**What to produce:** Look through the data below and extract, unchanged, the lines from the one that contains "Продается шкаф вместительный" to the one that contains "Efektní dřevěný rám", both included.

**Exercise inputs:**
*-*-*
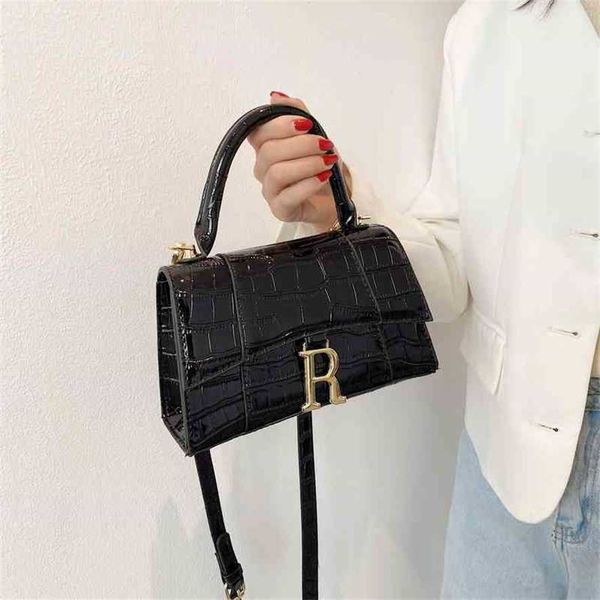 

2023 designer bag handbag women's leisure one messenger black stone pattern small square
*-*-*
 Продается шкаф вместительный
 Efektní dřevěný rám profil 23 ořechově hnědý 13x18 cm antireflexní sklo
*-*-*
**Your solution:**
 Продается шкаф вместительный
 Efektní dřevěný rám profil 23 ořechově hnědý 13x18 cm antireflexní sklo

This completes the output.